Image-text web data
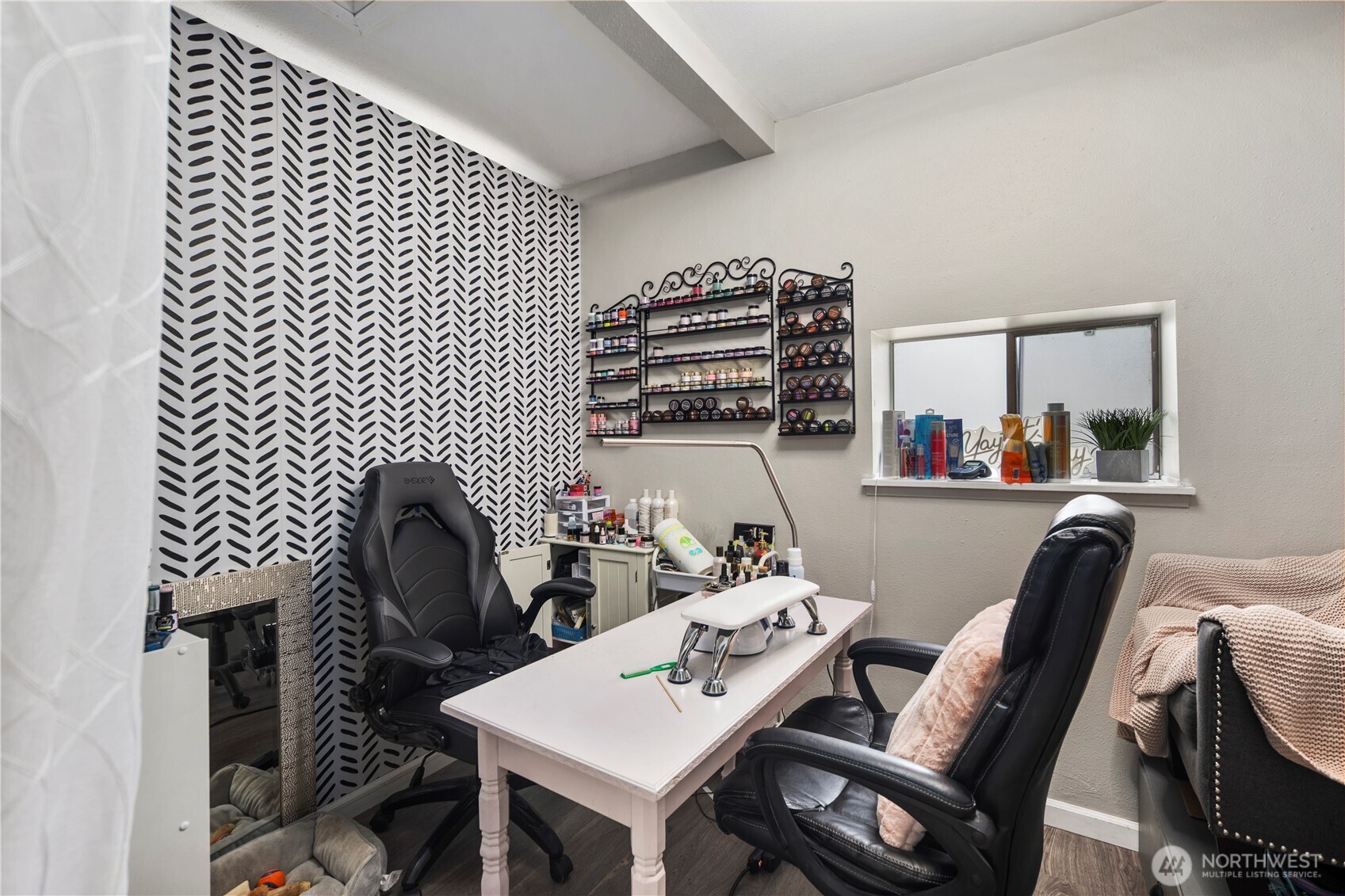 7439 Beverly Boulevard Property Photo 17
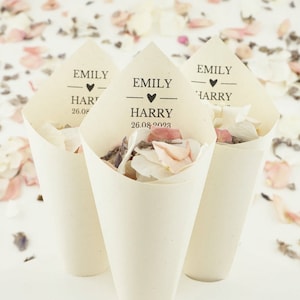 Cônes de confettis de mariage faits main personnalisés histoire d'amour - ivoire, blanc, kraft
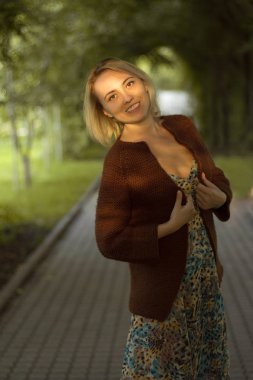 Güzel kadın ve örme ceket. Mutlu kadın portresi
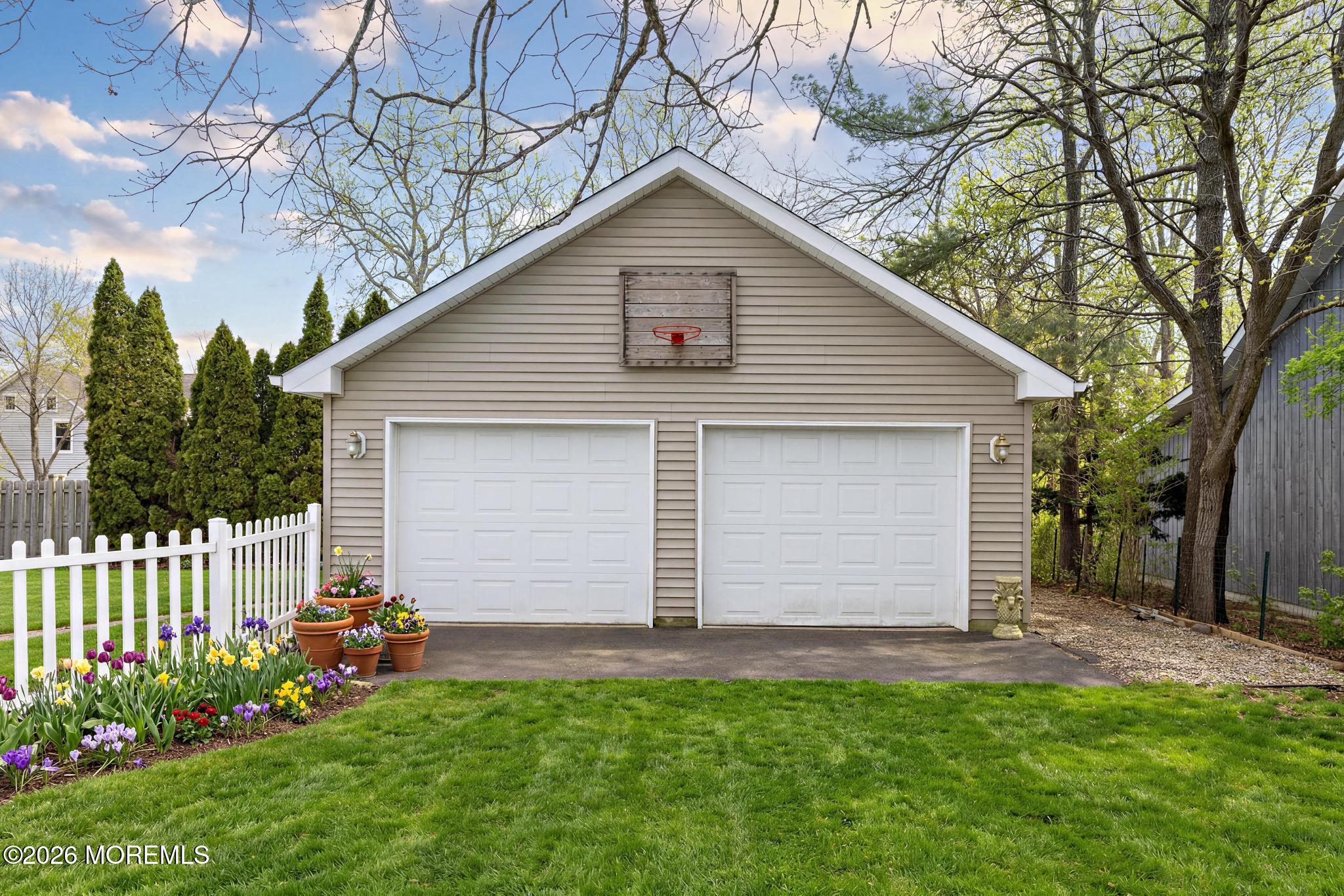 6 Cedar Street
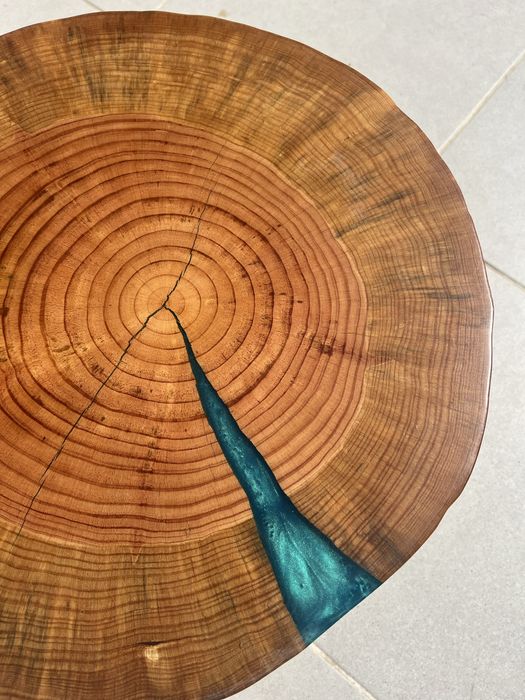 Mesa de centro madeira com epoxy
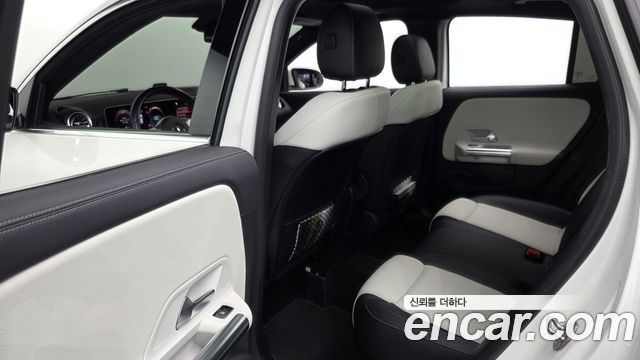 Mercedes-Benz GLA-Class 2020 — photo 18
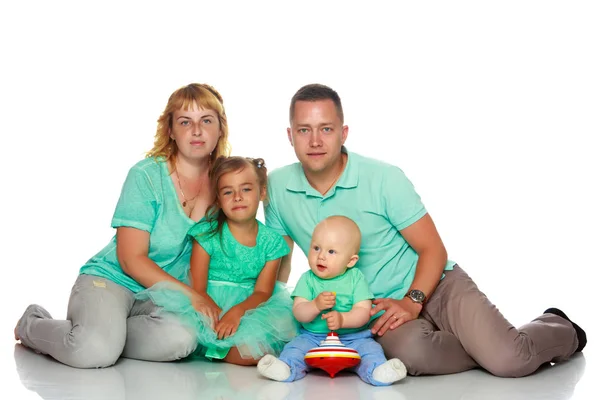 Glückliche Familie mit kleinen Kindern — Stockfoto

=== Exercise aim ===
Verbatim output of the entries is required, with each image left out.

=== Response below ===
 7439 Beverly Boulevard Property Photo 17
 Cônes de confettis de mariage faits main personnalisés histoire d'amour - ivoire, blanc, kraft
 Güzel kadın ve örme ceket. Mutlu kadın portresi
 6 Cedar Street
 Mesa de centro madeira com epoxy
 Mercedes-Benz GLA-Class 2020 — photo 18
 Glückliche Familie mit kleinen Kindern — Stockfoto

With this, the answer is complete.